Wikipedia:Bots/Requests for approval/AGbot
- The following discussion is an archived debate. Please do not modify it. To request review of this BRFA, please start a new section at WT:BRFA. The result of the discussion was Request Expired.
Operator: Andrew Gray (talk · contribs · SUL · edit count · logs · page moves · block log · rights log · ANI search)
Time filed: 22:49, Sunday, May 29, 2016 (UTC)
Automatic, Supervised, or Manual: Supervised for first runs, automatic if successful
Programming language(s): Python (for PWB), bash scripts (for content generation)
Source code available: Standard pywikibot, uploading locally assembled text files (code)
Function overview: Maintaining lists of possible citations for articles
Links to relevant discussions (where appropriate):
Edit period(s): Daily or weekly
Estimated number of pages affected: ~50
Exclusion compliant (Yes/No): no - will only be editing specified pages
Already has a bot flag (Yes/No): No
Function details: I am working on a local script which generates correctly-formatted citation templates based on known matches between external sources and Wikipedia articles, via Wikidata.
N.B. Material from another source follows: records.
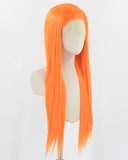 Orange Long Straight Synthetic Lace Front Wig WW957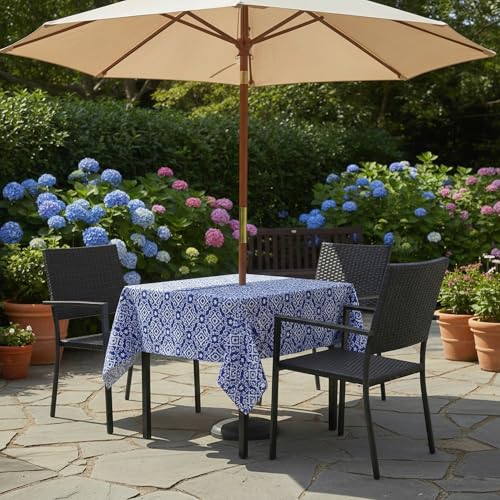 Image of EHouseHome Outdoor Indoor 60inch SquareTablecloth with Umbrella Hole and Zipper, Waterproof Zippered Patio Table Cloths, Spring /Summer Table Covers for Backyard Circular Table /BBQs /Picnic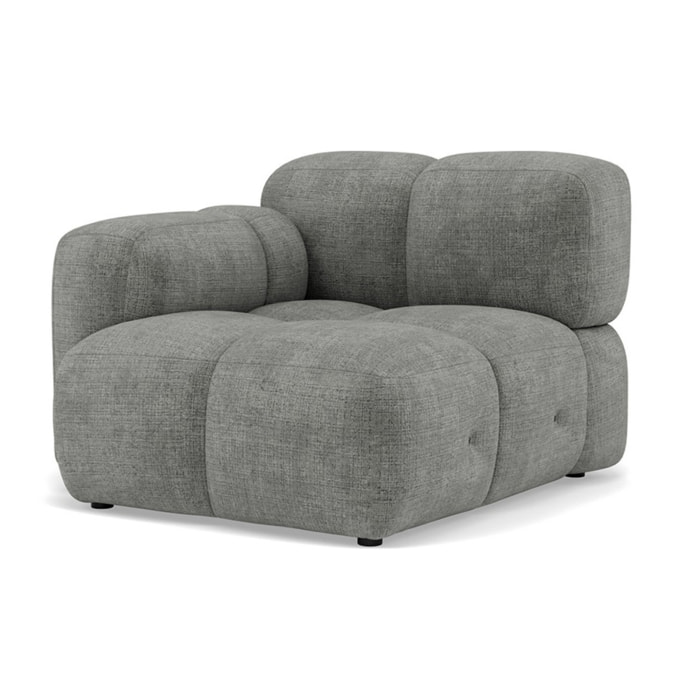 Grace - module d'assise gauche en velours texturé - Gris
The bot will upload index pages of these (a first-pass example is at User:Andrew Gray/odnb), showing the article and the possible citation(s). These can then be reviewed by editors for manual inclusion in articles when useful & appropriate, either as a new source or as a nicely-formatted replacement for an existing bare citation.
This can potentially cover a number of resources, but for the first stage I'm working on the Oxford Dictionary of National Biography (~42k enwiki articles matched to subjects via P1415, between 4-10k of which cite the ODNB in some way). Later stages will cover links to the older Dictionary of National Biography on Wikisource (currently ~9k links), and to the History of Parliament (currently ~7k links), both of which are frequently-used sources. In theory, the same system could be extended to a number of other high-quality resources if there is demand and there is suitable metadata on Wikidata.
This processing will all be done offline and the bot will simply have to upload the indexes. They will be stored in a suitable location (possibly userspace, possibly under Wikipedia:WikiProject Dictionary of National Biography), and the bot will not edit articles itself. These lists will be refreshed on a periodic basis - either daily or weekly. Andrew Gray (talk) 22:49, 29 May 2016 (UTC)[reply]
Discussion
edit- Approved for trial (200 edits or 30 days, userspace only). Please provide a link to the relevant contributions and/or diffs when the trial is complete. You can trial this, please start by making your lists in the bot's own userspace. — xaosflux Talk 22:59, 30 May 2016 (UTC)[reply]
- A user has requested the attention of the operator. Once the operator has seen this message and replied, please deactivate this tag. (user notified) The trial time has run - please present the results of your trial here. — xaosflux Talk 11:48, 7 July 2016 (UTC)[reply]
- Andrew, curious how will editors know the lists exist and how to find them? Would it make sense to leave a talk page post such as "Hi I am a bot. I found this ODNB citation that may be useful for this article. FAQ etc.. " -- GreenC 15:35, 4 July 2016 (UTC)[reply]
- BTW not requesting a feature, just wanted to give some feedback/ideas. -- GreenC 17:04, 7 July 2016 (UTC)[reply]
- Request Expired. — xaosflux Talk 18:31, 21 July 2016 (UTC)[reply]
- The above discussion is preserved as an archive of the debate. Please do not modify it. To request review of this BRFA, please start a new section at WT:BRFA.